*** Opening of RECORDS FOR THIS EXERCISE ***

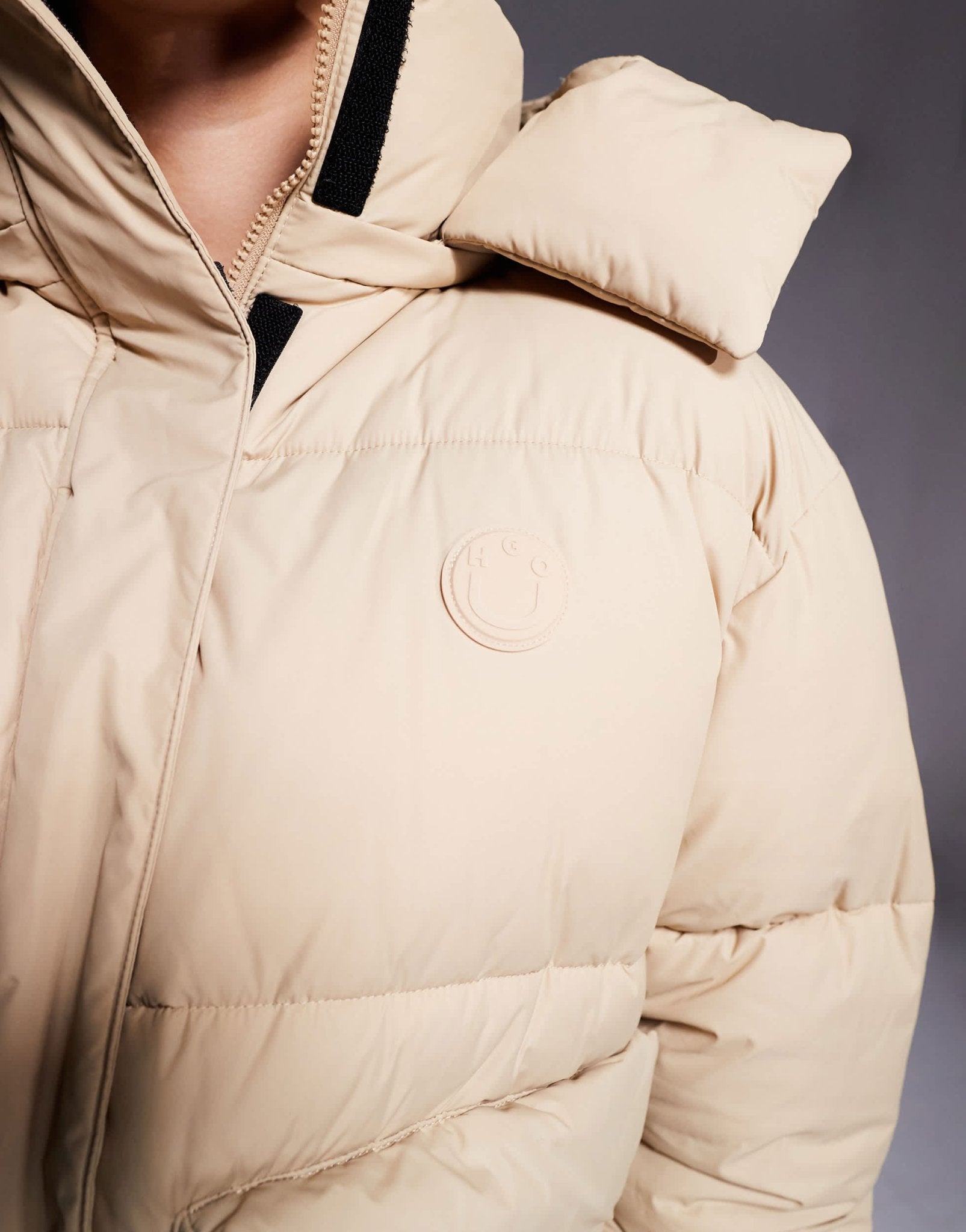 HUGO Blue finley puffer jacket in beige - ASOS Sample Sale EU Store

*** Close of RECORDS FOR THIS EXERCISE ***
*** Opening of RECORDS FOR THIS EXERCISE ***

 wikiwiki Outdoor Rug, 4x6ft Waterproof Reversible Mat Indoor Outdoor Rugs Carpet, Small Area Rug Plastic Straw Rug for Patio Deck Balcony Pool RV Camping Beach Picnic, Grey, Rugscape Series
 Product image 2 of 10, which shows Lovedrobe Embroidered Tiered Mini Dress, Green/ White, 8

*** Close of RECORDS FOR THIS EXERCISE ***

■ WHAT YOU ARE ASKED TO DO:
Output should match, line for line, the stretch of the material above from the line holding "wikiwiki Outdoor Rug, 4x6ft" through the line holding "Product image 2".

■ EXERCISE ANSWER:
 wikiwiki Outdoor Rug, 4x6ft Waterproof Reversible Mat Indoor Outdoor Rugs Carpet, Small Area Rug Plastic Straw Rug for Patio Deck Balcony Pool RV Camping Beach Picnic, Grey, Rugscape Series
 Product image 2 of 10, which shows Lovedrobe Embroidered Tiered Mini Dress, Green/ White, 8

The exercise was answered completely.